=== Begin Enclosure ===

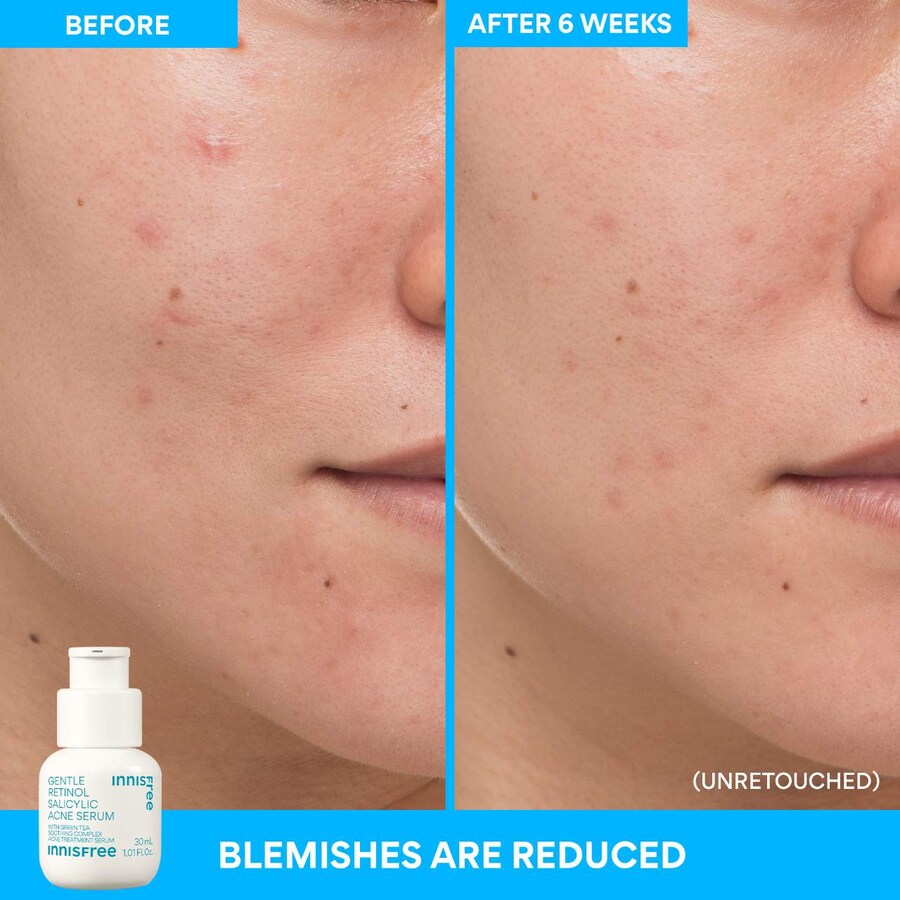 Тоник Innisfree — Мягкая от акне с ретинолом и салициловой кислотой, 30 мл — фото 3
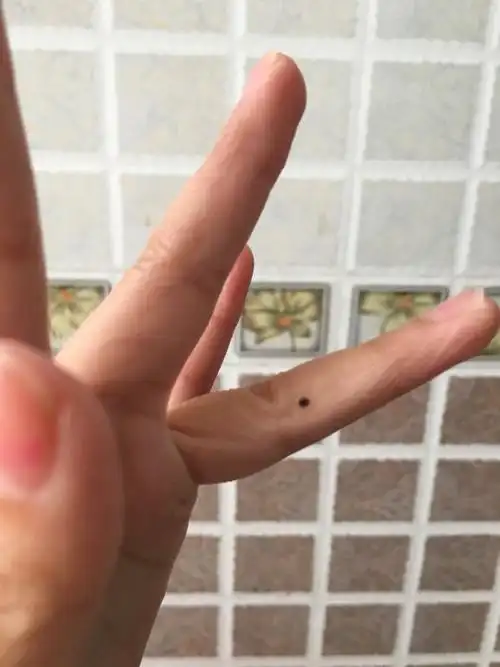 我是女生 无名指侧边长了一颗黑色素的痣 长了一两年 现在一看比以前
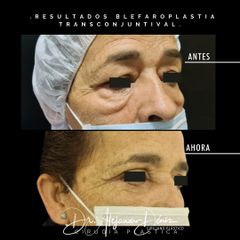 Beflaroplastia - Dr. Alejandro Deniz Martínez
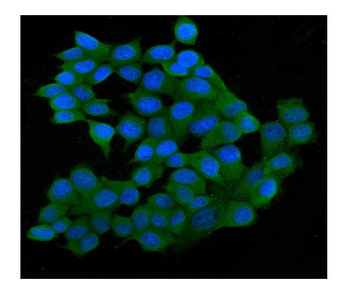 SQSTM1/p62 Mouse Monoclonal Antibody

=== End Enclosure ===

_Goal of the exercise_: Return the complete material exactly as given, excluding images.

_Task solution_:
 Тоник Innisfree — Мягкая от акне с ретинолом и салициловой кислотой, 30 мл — фото 3
 我是女生 无名指侧边长了一颗黑色素的痣 长了一两年 现在一看比以前
 Beflaroplastia - Dr. Alejandro Deniz Martínez
 SQSTM1/p62 Mouse Monoclonal Antibody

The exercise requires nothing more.